C’est la seconde fois que de telles rencontres sont organisées par l’administration pénitentiaire, le service Pénitentiaire d'insertion et de probation (SPIP), en partenariat avec Pôle emploi et plusieurs agences d’interim.
Jeudi 1er décembre, a eu lieu la dernière étape d’un travail initié il y a des semaines à la prison de Grenoble-Varces, en Isère. Ce fut d'ailleurs la phase cruciale au cours de laquelle la maison d'arrêt met en relation les détenus proches de la sortie - à l'échéance de quelques mois au maximum - avec de potentiels employeurs. Présentes à cette rencontre, principalement des agences d’Intérim pour des postes dans le BTP, les espaces verts ou encore le service à la personne.
L’emploi est un maillon essentiel pour prévenir la récidive.

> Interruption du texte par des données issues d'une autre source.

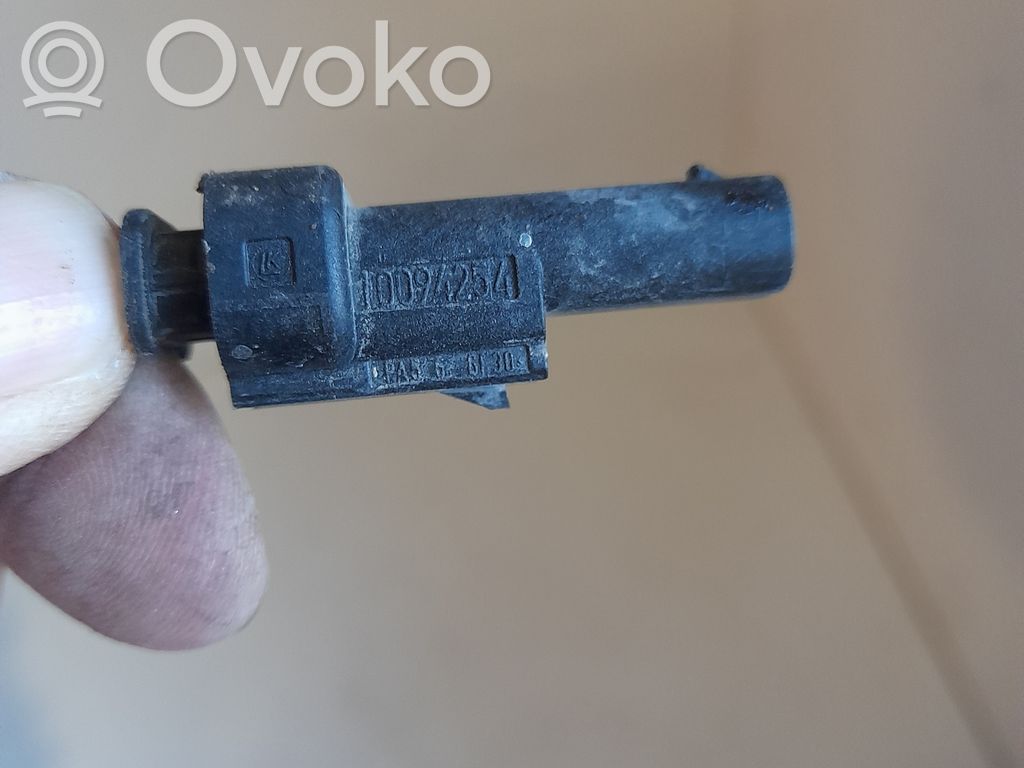 Opel Corsa E Izplūdes gāzu temperatūras sensors 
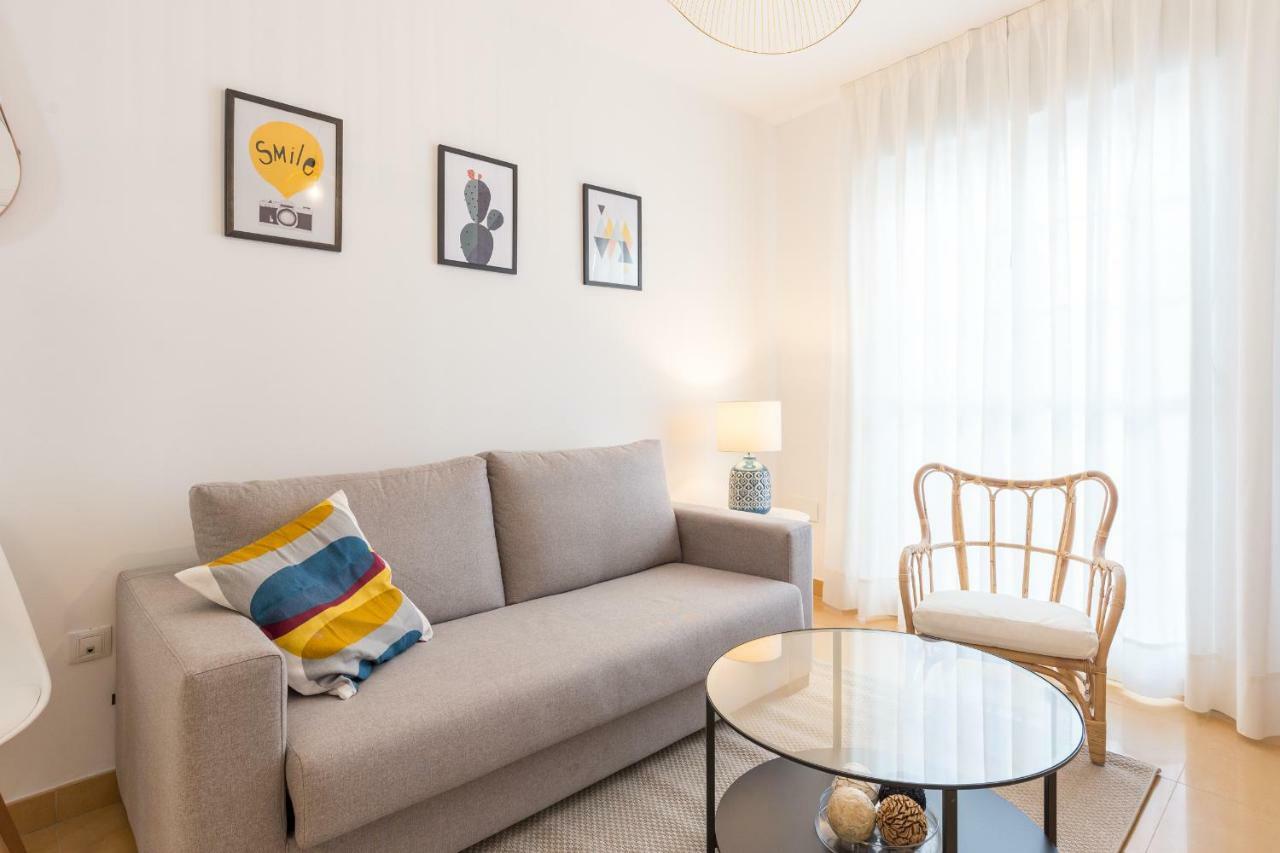 Apartamentos Tucan Málaga Eksteriør billede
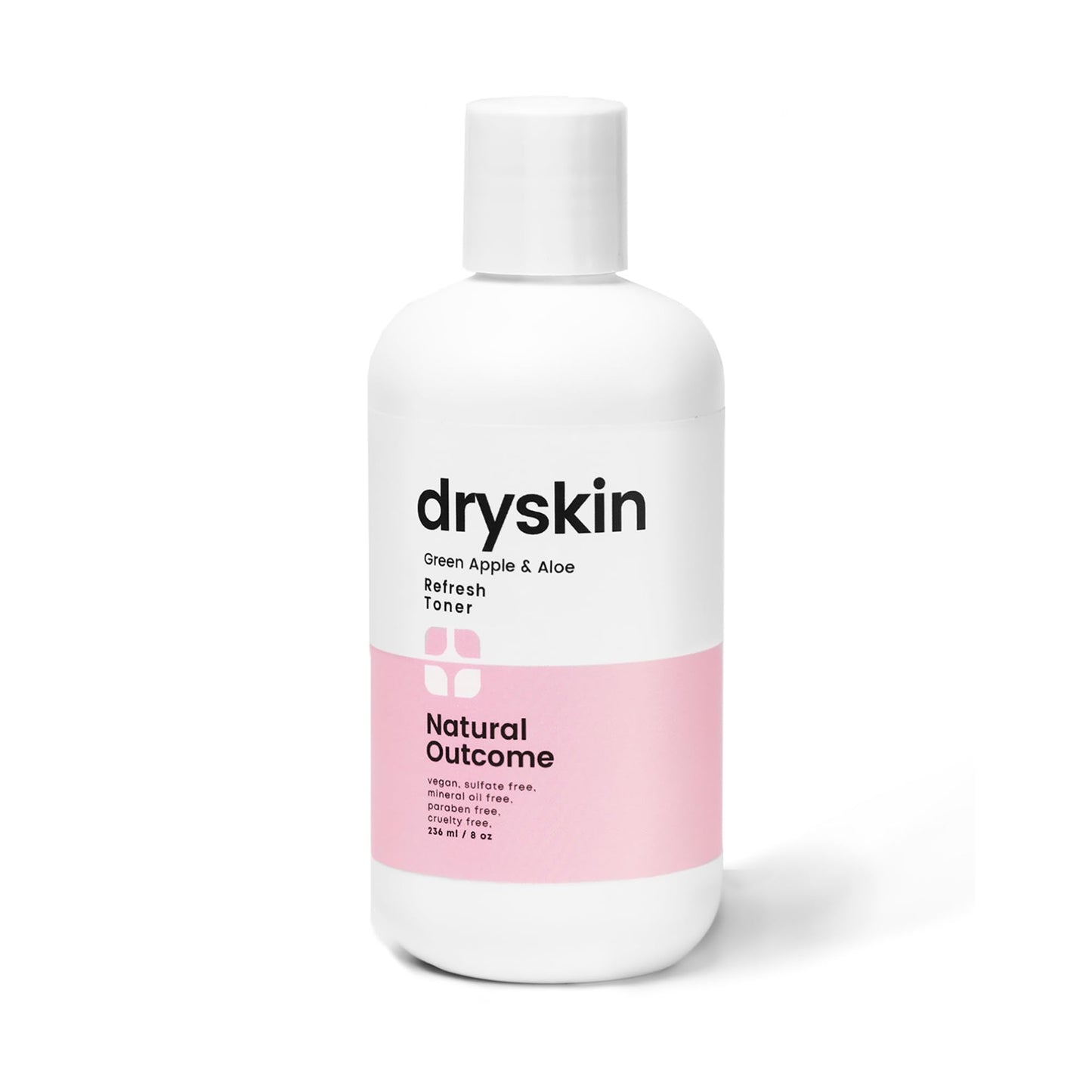 Hydrating Face Toner for Dry Skin Witch Hazel, Green Apple & Aloe Vera Facial Astringent by Natural Outcome Skincare, Gentle Soothing Cleansing Water Beauty & Personal Care natural outcome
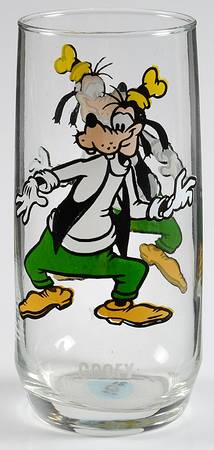 Walt Disney Collector Series Goofy - No Box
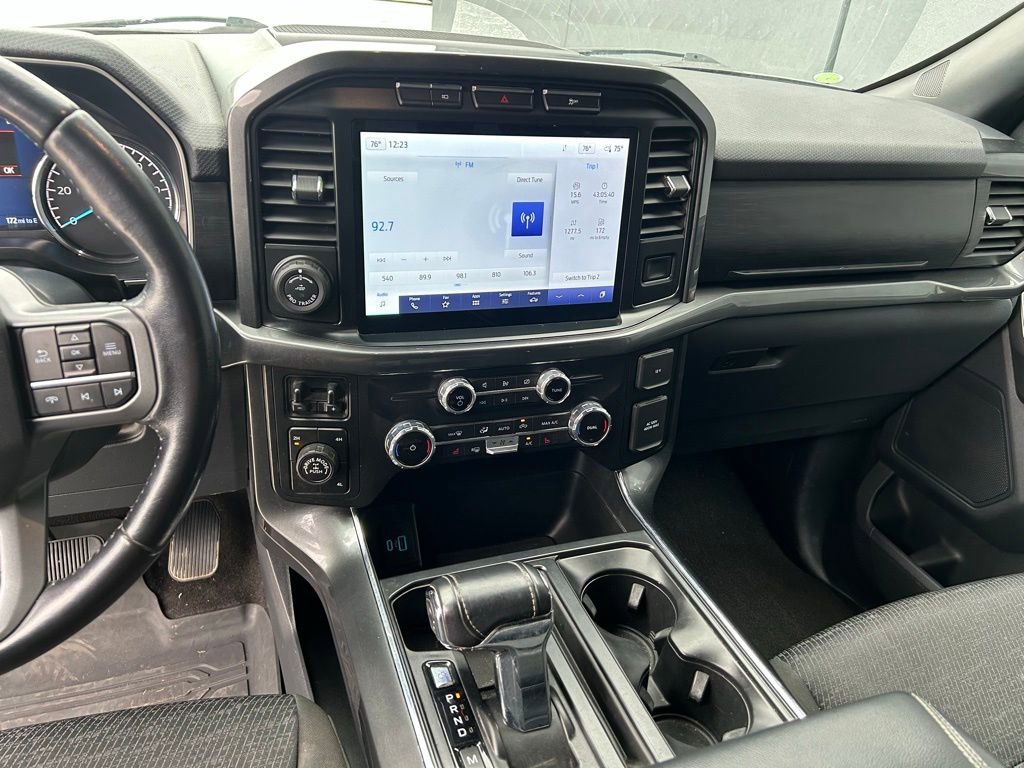 Used 2022 Ford F150 XLT w/ Equipment Group 302A High image 14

Patrick Malle, directeur du centre pénitentiaire de Grenoble-Varces
"La seule certitude que nous avons, c'est qu'une sortie "sèche", sans préparation, conduit presque invariablement à la récidive, l'emploi est une composante fondamentale pour la réinsertion, un maillon essentiel pour prévenir la récidive", assure Patrick Malle, directeur de la prison Grenoble-Varces.
Parler peu du passé, et préparer l'avenir.
Didier Dasseler, chargé de placement et d'accompagnement pour Ulisse intérim
"Parler de l’avenir, peu du passé". C’est la démarche de la société Ulisse Interim spécialisée dans l’intérim d’inclusion. Elle propose non seulement du travail, mais surtout tout un accompagnement.
À un jeune détenu de 26 ans qui sortira de prison dans peu de temps, les questions du recruteur ne concernent pas seulement "l'emploi pour l'emploi", mais prennent en compte tout son environnement : a-t-il de la famille qui pourrait l'épauler, comment peut-il accéder à un logement ? Quel est l'état de ses finances ? Autant de questions importantes à l'heure de retrouver le monde extérieur.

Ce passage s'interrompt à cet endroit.